Selten inzwischen, dass der Sport an nur einem Tag über den Tod zweier seiner Größen berichten muss. Früher kam der Tod häufiger zum Sport. Damals waren Formel-1-strecken schmal wie Dorfstraßen. Motorradrennfahrer trugen lächerliche Helme, wenn sie über die ungesicherten Strecken rasten und Rennradfahrer stürzten sich barhäuptig die Berge hinunter. Schwere Eisenbobs flogen aus Natureisbahnen und bohrten sich in Zuschauerpulks oder zerschellten an Bäumen. Der Sport hat diese und andere Sicherheitslücken geschlossen. Der Tod aber ist schlau. Er kommt nun einfach später.

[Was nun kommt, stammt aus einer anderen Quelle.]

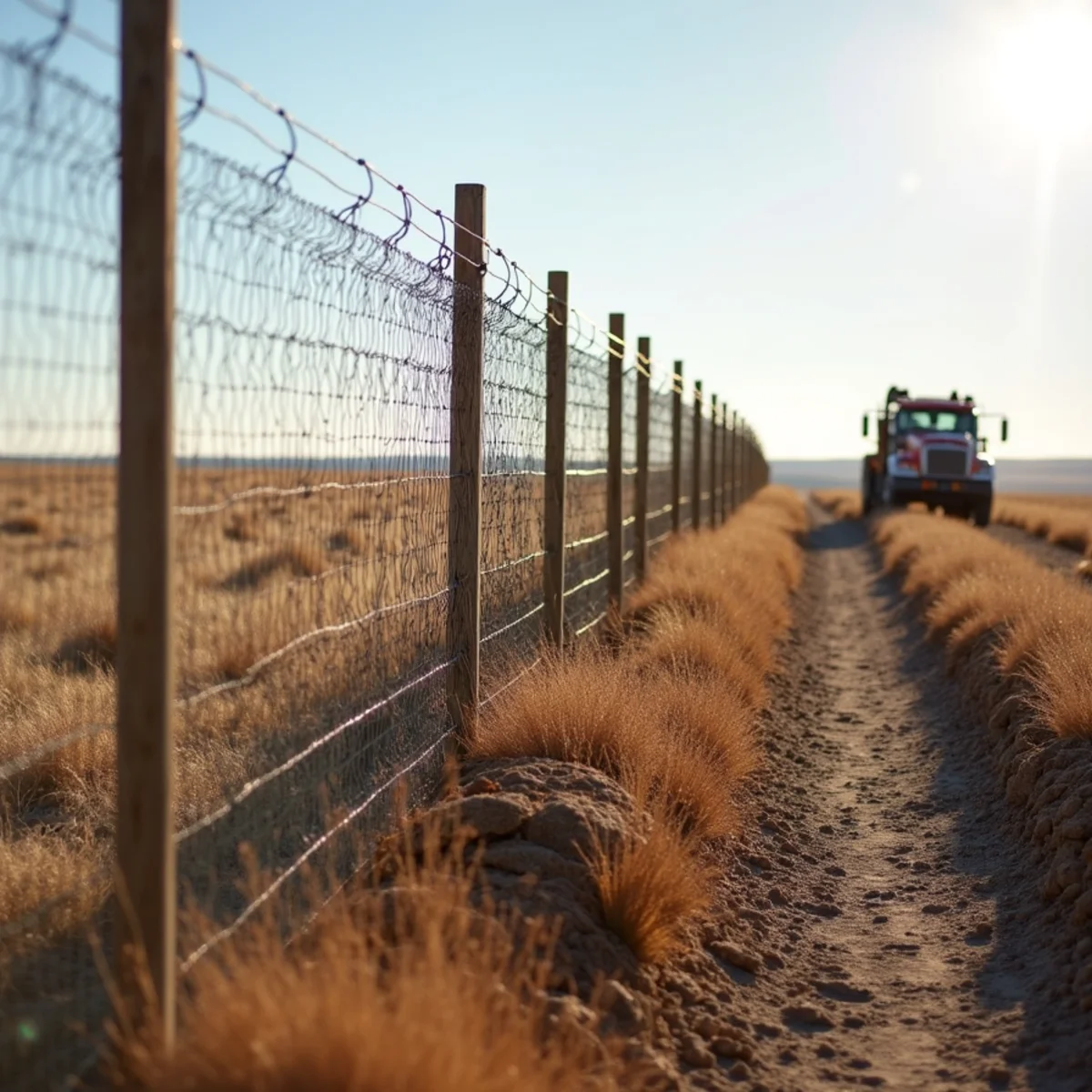 Strong City KS fence installation and contractor services Chase County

Die beiden Verstorbenen, Niki Lauda und Manni Burgsmüller, sind in ihrer Bedeutung für den Sport nicht miteinander zu vergleichen. Der eine war dreimaliger Weltmeister, der beste Rennfahrer seiner Zeit, der andere zwar ein erfolgreicher Stürmer zwar, aber nur Aushilfsnationalspieler ohne große Titelsammlung. Beide sind schon lange keine Sportler mehr. Trotzdem sind sie uns als solche im Gedächtnis geblieben. Lauda, als der Hasardeur, der das Flammeninferno am Nürburgring schwer verletzt überlebt, sich wieder aufrappelt, ein bewegtes Leben führt und zur Stimme der Formel 1 wird. Und Burgsmüller, das Schlitzohr, das nicht anders heißen durfte als Manni, der dem Alter eines Fußballprofis ein Schnippchen schlug, noch mit 40 an den Jungen vorbeimüllerte. Mit 46 wandte er sich erfolgreich den Footballern zu und ließ auch sonst wenig aus, sein Leben bunt zu gestalten.

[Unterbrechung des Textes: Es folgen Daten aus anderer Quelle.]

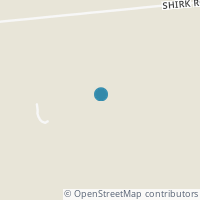 Map location of 21715 Shirk Rd, Marysville OH 43040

So weit der Wiener Rennfahrer und der Essener Fußballer von einander entfernt waren, so nah hat sie ihre Art zu leben und der Zeitpunkt ihres Sterbens nun zusammengebracht. Warum uns ihr Tod möglicherweise stärker berührt, als das Ableben der alten Großtante Berta? Weil wir mit Niki und Manni gelebt, gefeiert und gelitten haben. Ziehen wir also die Mütze und sagen Servus.